Patrick Wilcken, Deputy Director of Amnesty International’s Global Issues Programme, said:

“Security forces all over the world are widely violating international law during the pandemic, using excessive and unnecessary force to implement lockdowns and curfews.

“The horrific abuses committed on the pretext of fighting COVID-19 include Angolan police shooting a teenage boy in the face for allegedly breaking curfew, and police in El Salvador shooting a man in the legs after he went out to buy food.

“While the role of law-enforcement at this moment is vital to protect people’s health and lives, the over reliance on coercive measures to enforce public health restrictions is making things worse. The profound impact of the pandemic on people’s lives compounds the need for policing to be carried out with full respect for human rights.”

Arbitrary arrests and detentions

Amnesty’s report highlights mass and arbitrary arrests by law-enforcement, showing how police in numerous countries have arrested and detained people for violating quarantine measures; for violating restrictions on travel or holding meetings; for participating in peaceful protests; and for speaking out to criticise their government’s handling of the pandemic.

In the Dominican Republic for example, police detained approximately 85,000 people between 20 March and 30 June, allegedly for non-compliance with the curfew. Between March and May, 510 people in Turkey were reported to have been detained for questioning on account of “sharing provocative coronavirus posts” on social media.

Discrimination

In several countries, police have demonstrated racial bias and discrimination in their enforcement of COVID-19 regulations. Refugees, asylum-seekers, migrant workers, LGBTI and gender non-conforming people, sex workers and homeless people have been particularly affected.

For example, in Slovakia law enforcement and military personnel cordoned off Roma settlements under quarantine, adding to the stigma and prejudice these communities already face. The aggressive application of COVID-19 restrictions has also led to people being forcibly evicted and left without a place where to protect themselves from COVID-19.

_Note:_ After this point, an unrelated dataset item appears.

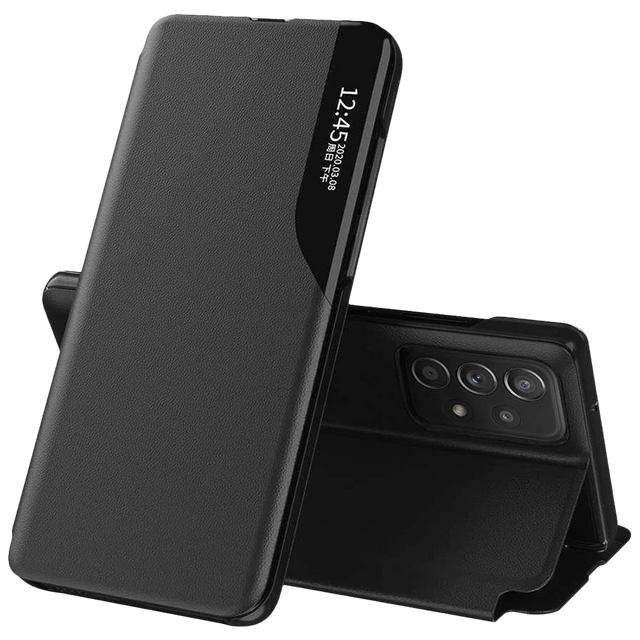 Alogy Leather Smart View Cover Wallet Case for Samsung Galaxy A52 5G/ A52s Black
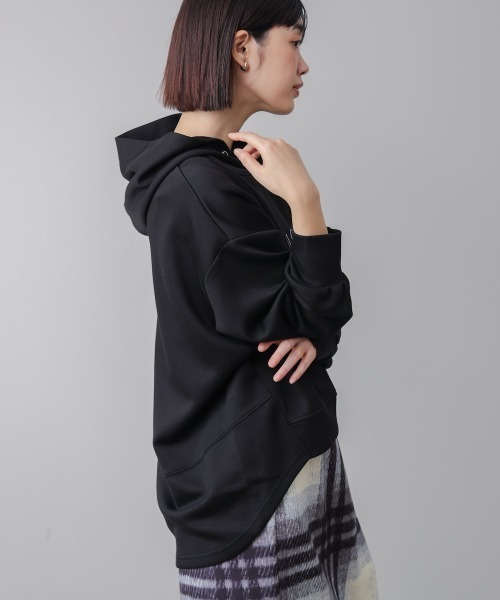 Bou Jeloud（ブージュルード）の「シンプルロゴコクーンパーカー（パーカー・レディース・グレー/ブラック/ライトブルー/アイボリー・FREE）」の7枚目の写真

In France, volunteers from Human Rights Observers documented 175 cases of forced evictions of migrants by law-enforcement officials in Calais between March and May.

Restrictions on peaceful assembly

Many countries have also used the pandemic as a pretext to introduce laws and policies that violate international law and roll back human rights guarantees, including unduly restricting the rights to freedom of peaceful assembly and freedom of expression. 

For example, at least 16 people were killed by security officers in Wolaita Zone in Ethiopia in August following protests against the arrests of local leaders and activists, allegedly for holding a meeting in contravention of COVID-19 restrictions.

Under international human rights law, restrictions can be lawfully placed on the right to freedom of peaceful assembly in order to protect public health or other legitimate interests, but they must be lawful, necessary and proportionate to a specific aim. However, in many instances, restrictions went much further - for example imposing blanket bans on protests; a prohibition on protests where other public gatherings of similar sizes remained unaffected; or instances where force was used against peaceful protesters.